James Stephens was born in Blackmill Street in Kilkenny City in 1824. He was a civil engineer by profession. He was only 24 when the failure of William Smith O’Brien’s attempted insurrection in 1848 cut short his professional career.
He went on the run and escaped to France, where he remained for about nine years. In 1857 he returned to Ireland at a time when the Republican movement was at a low ebb and, by his optimism and energy, he held the membership together and injected new life and progressiveness to their endeavours.
On St. Patrick’s Day, 1858 he founded the Irish Republican Brotherhood and soon merged it into the small revolutionary groups which were still in existence. He wrote the oath which was to be taken by all who joined it. He insisted on having all authority vested in himself. This was the chief strength of the organisation in its early years, but it proved to be its undoing when the real crisis came.
Most young men who met Stephens during his recruiting thought he was phenomenally able, and he cultivated that belief by telling them stories about his accomplishments, e.g. as a great fiddler a very accurate rifle shot. His air of supreme confidence always impressed the men and they would go away satisfied.
His stated belief that the organisation in America was strong, and that all the necessary arms would arrive from there, served to discourage the purchase of rifles in Britain, where there were few restrictions on their sale.
In 1863 James Stephens married Jane Hopper, with whose family he was living in Dublin.

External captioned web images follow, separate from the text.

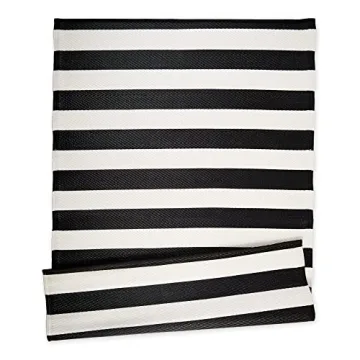 DII Outdoor Rug Collection Reversible Woven Polypropylene Plastic Straw Mat, 4x6-Feet, Black & White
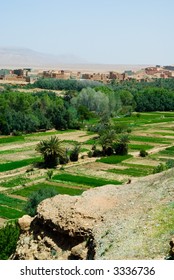 View over cultivated fields and palms to oasis town of Tinerhir Dades Valley Morocco North Africa Africa - Shutterstock ID 3336736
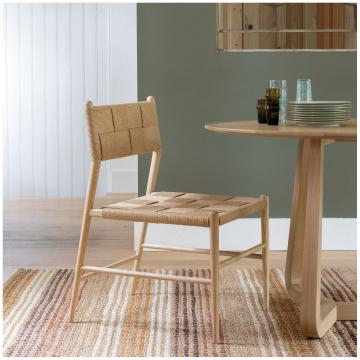 Chaise Juliette Bois Blond Cordes Nat Blanc d'Ivoire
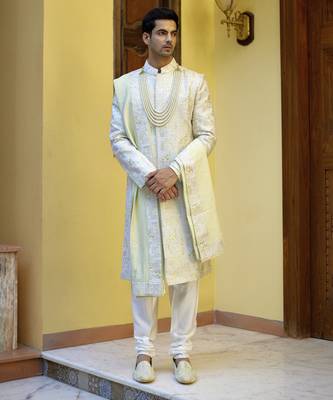 Green embroidered mirror work cotton silk zahid sherwani (mint green) 1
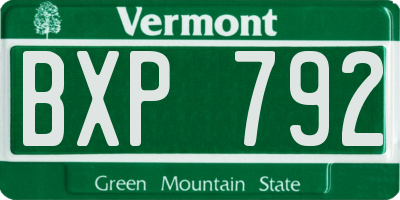 VT license plate BXP792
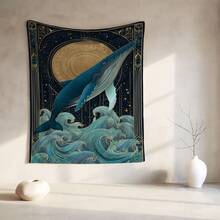 Whale Tapestry Ocean Lovers, Starry Night Wall Hanging Decor, Blue Whale Marine Life Art, Mythical Ocean Home Decor - 1PC - 查看 4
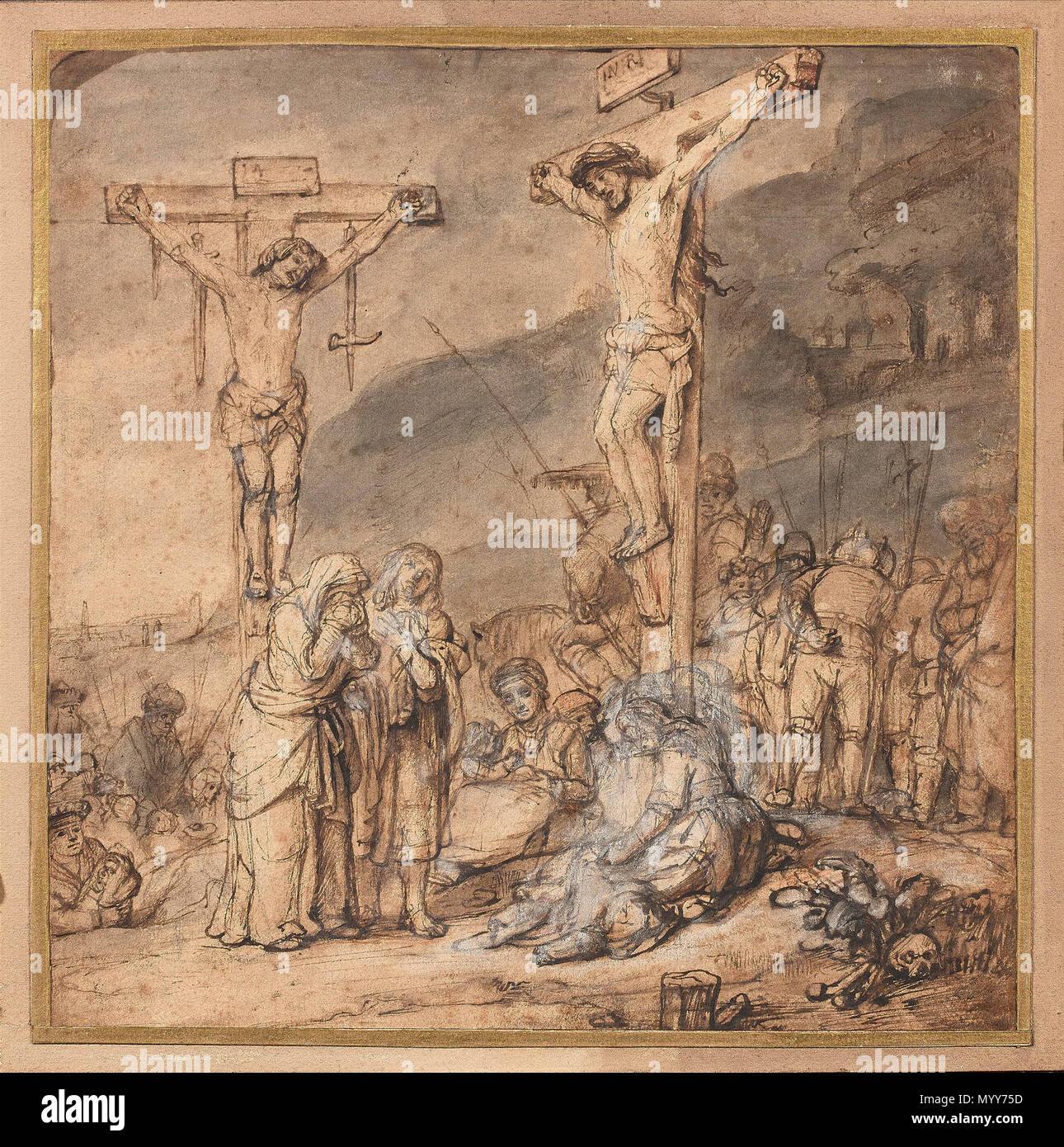 .  Français : La Crucifixion .    Samuel van Hoogstraten  (1627–1678)     Alternative names Samuel van Hoochstraten, Samuel van Hoogstraaten, Batavier  Description Dutch painter, draughtsman, printmaker and writer  Date of birth/death 2 August 1627 19 October 1678  Location of birth/death Dordrecht Dordrecht  Work period 1640-1678  Work location Dordrecht (1640), Amsterdam (1641-1644), Dordrecht (1647-1651), Vienna (1651-1654), Rome (1652), Dordrecht (1654-1662), London (1662-1666), The Hague (1668-1671), Dordrecht (1671-1678)  Authority control  : Q436797 VIAF: 24718773 ISNI: 0000 0000 8365 3 Stock Photo
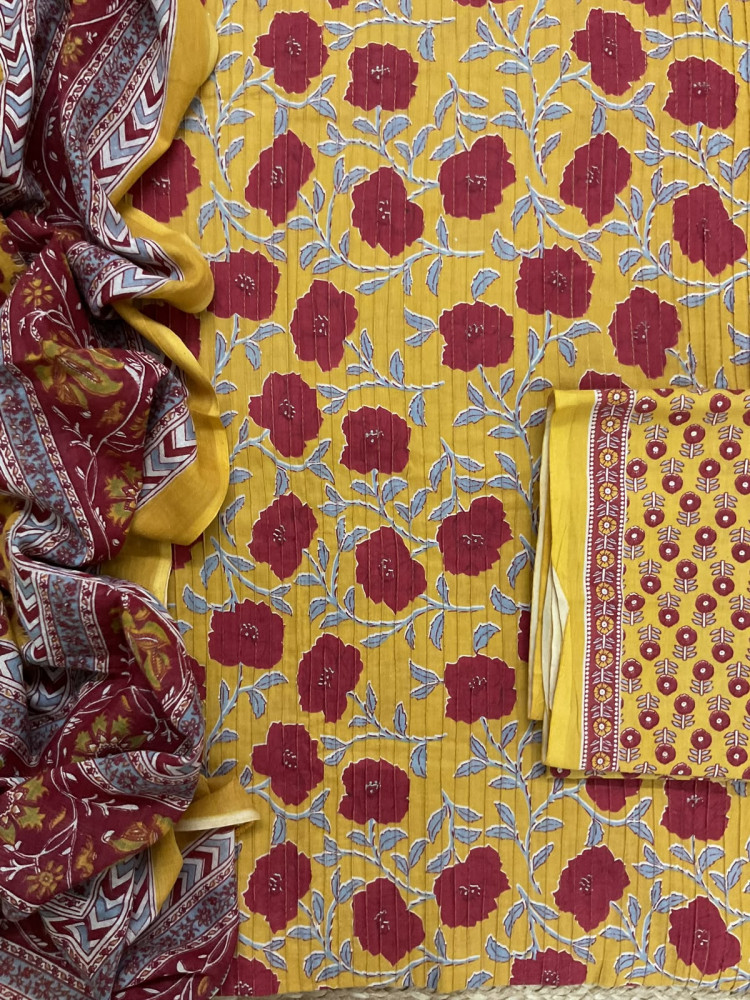 Image of Pure Cotton Printed Pintucks Work Suit - Yellow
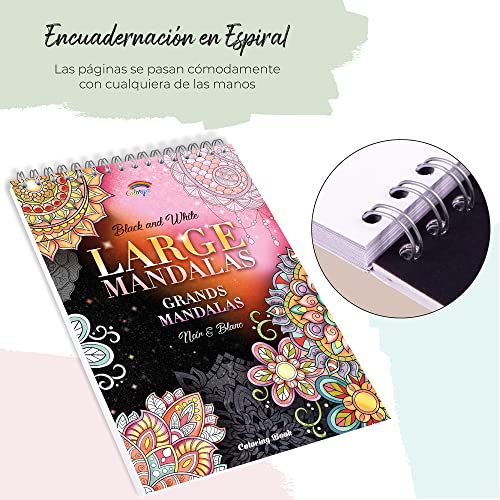 Colorya Libros para Colorear Mandalas para Adultos - A4 - Large Mandalas Libro para Pintar - Papel de Calidad, Impresión a una Cara, Encuadernación en Espiral - Pasatiempo Antiestrés para Adultos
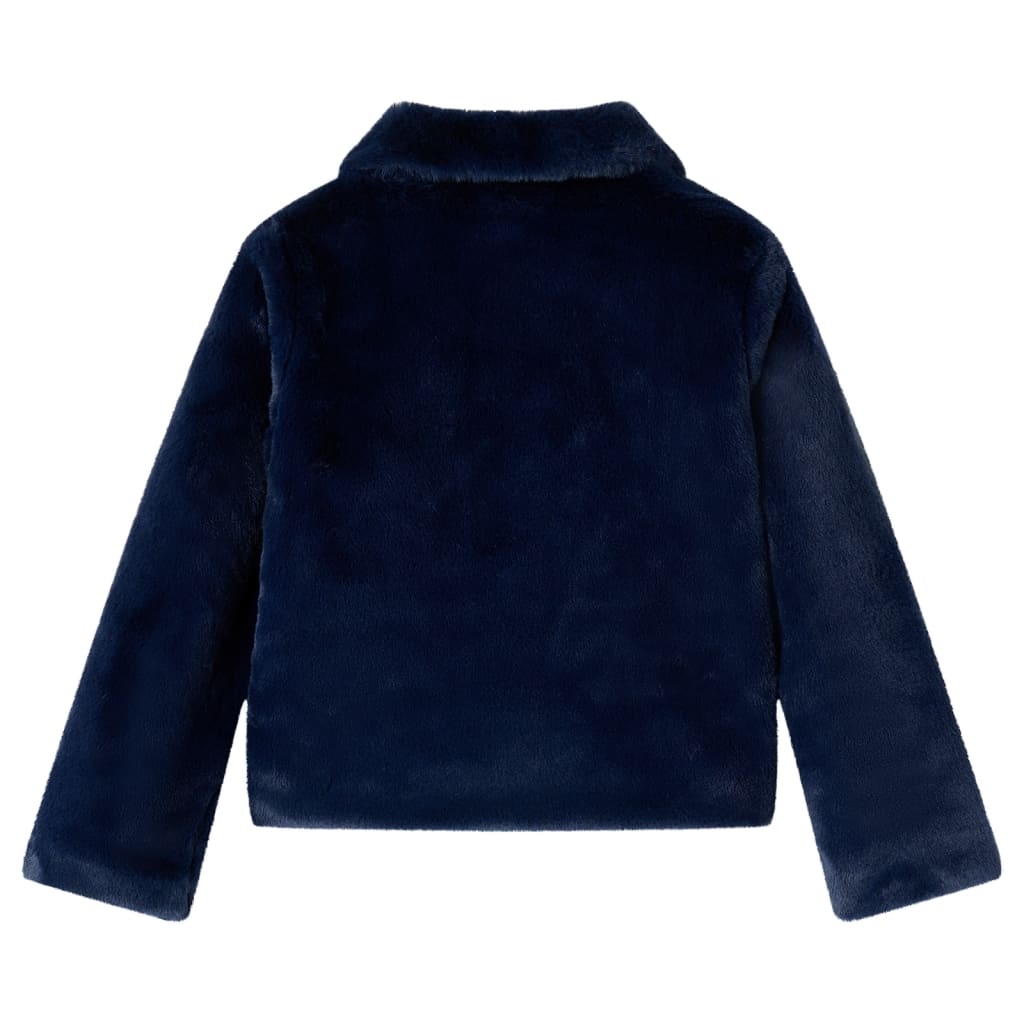 VidaXL manteau enfant 104 fourrure artificielle bleu marine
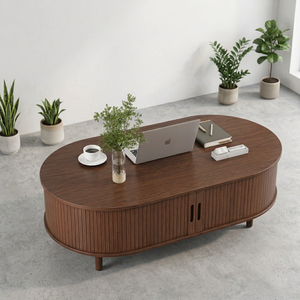 Table basse ovale moderne en bois, design mid-century, meuble de salon avec tiroir de rangement, finition brun foncé - Product Image 2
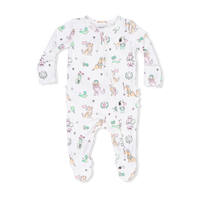 Country Club Dogs Pink - 2 Way Ruffle Back Zipper Footie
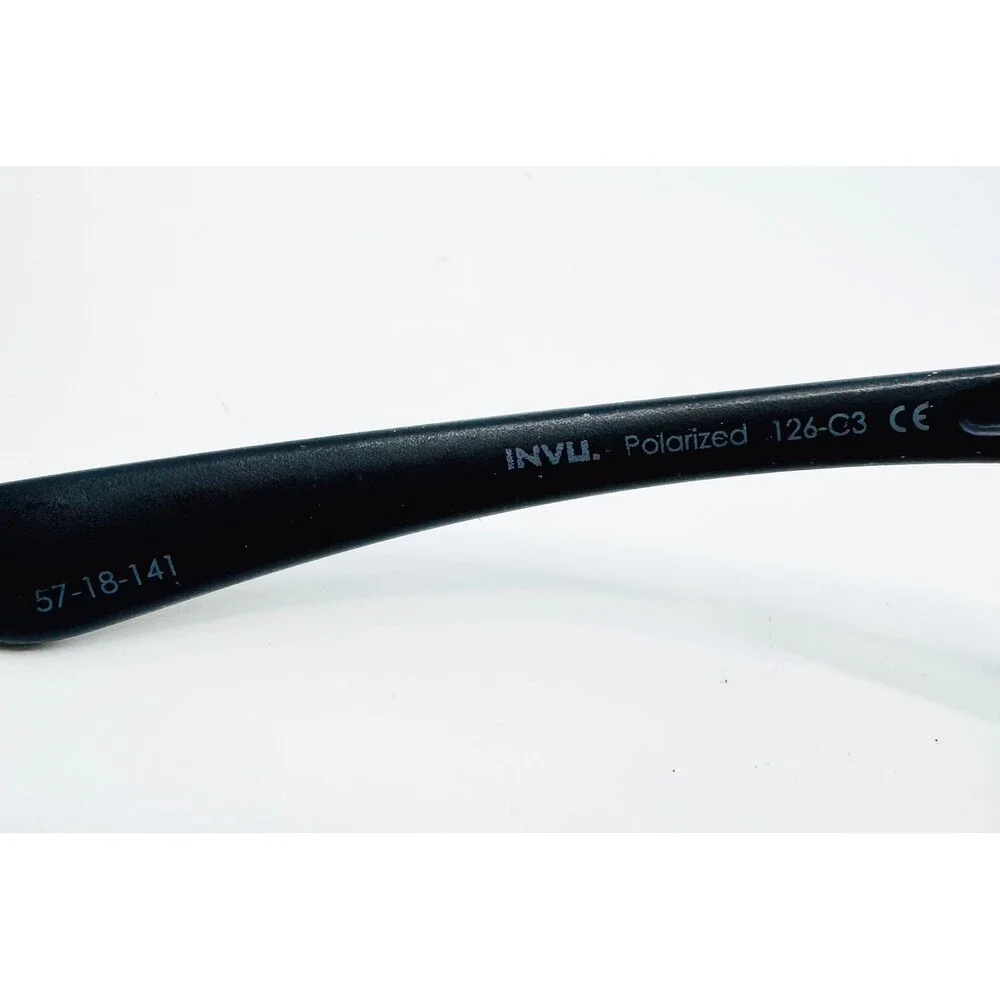 INVU Sunglasses Mens Black Rectangle 126-C3 57-18-141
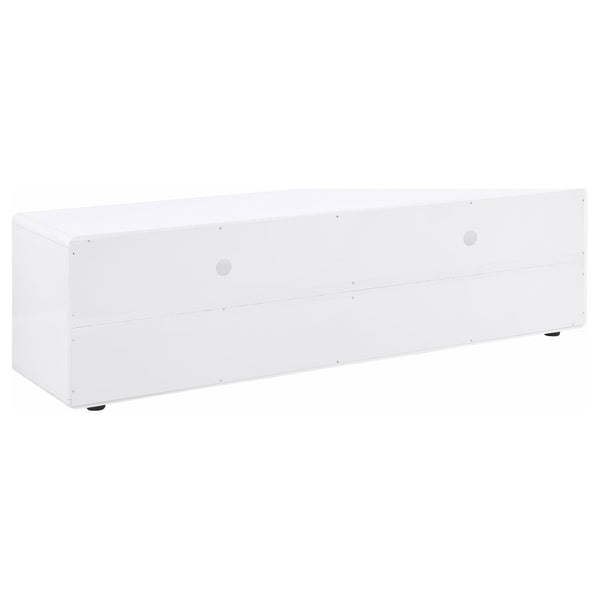 English Elm Cordova Glossy White Low Profile Tv Stand with Dual Drawers for Modern Living Rooms B062P441136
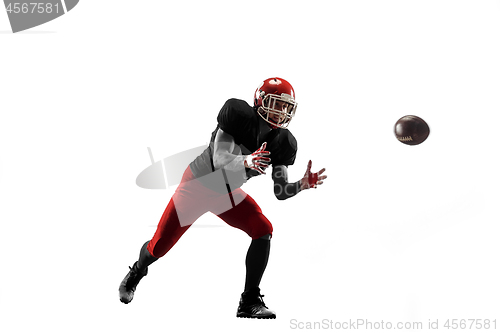 Image of one american football player man studio isolated on white background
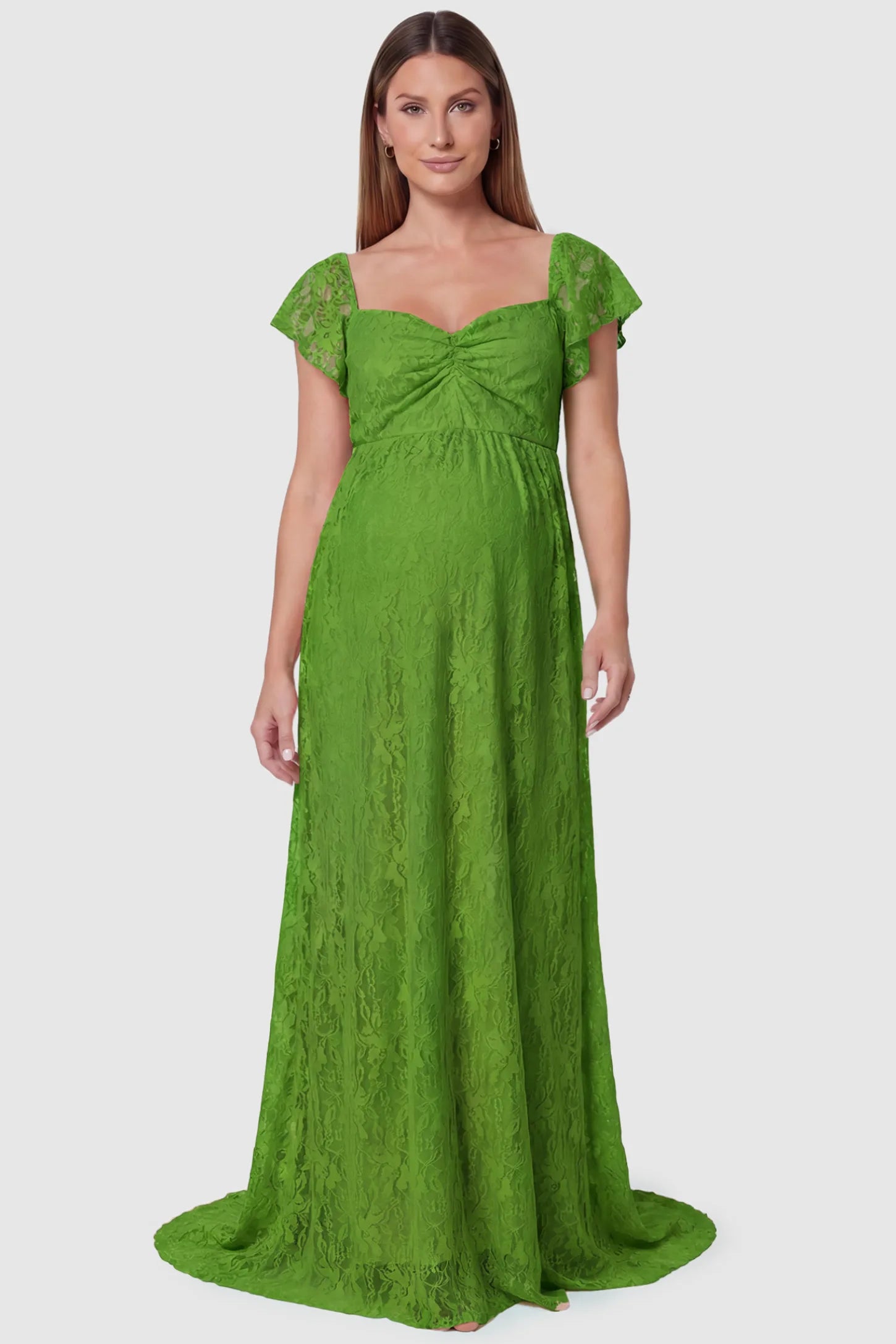 Lace Off Shoulder Maternity Maxi Dress Lace Off Shoulder Maternity Maxi Dress in apple green featuring a sweetheart neckline with a ruched bust and a full-length skirt, shown on a pregnant model, front view.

When the planned insurrection was postponed in 1866 it was on Stephens order. He and a colleague, Colonel Kelly, left for new York by a circuitous route via Scotland, England and France.
James Devoy, in his recollections, states that the trip to America was a complete failure and that nothing resulted from it in spite of much posturing and speechifying by Stephens. Many heated meetings were held in late 1866 and eventually James Stephens was deposed as leader amd Col. Kelly was elected in his place.
Stephens later sailed to France where he lived for many years until he was expelled at the request of the British. After another short and unsuccessful spell in New York he returned to Europe and lived in Switzerland for some time until the British Government permitted him to return to Ireland. He wrote articles for the Freeman’s Journal on his recollections and died in Blackrock on April 9th, 1901.
James Stephens held the title of Chief Organiser of the Republic of Ireland (C.O.R.I.). Devoy’s assessment of him was
as a successful organiser, Stephens holds a prominent place among those who in numerous generations endeavoured to direct Ireland’s efforts towards the achievement of national independence…..the extent to which he propagated the principles of Fenianism made an indelible impress on the national consciousness of Ireland.
The last honour paid to Stephens was to place his remains side by side with some of his notable Fenian comrades of the 1867 period in the Patriots’ Plot in Glasnevin.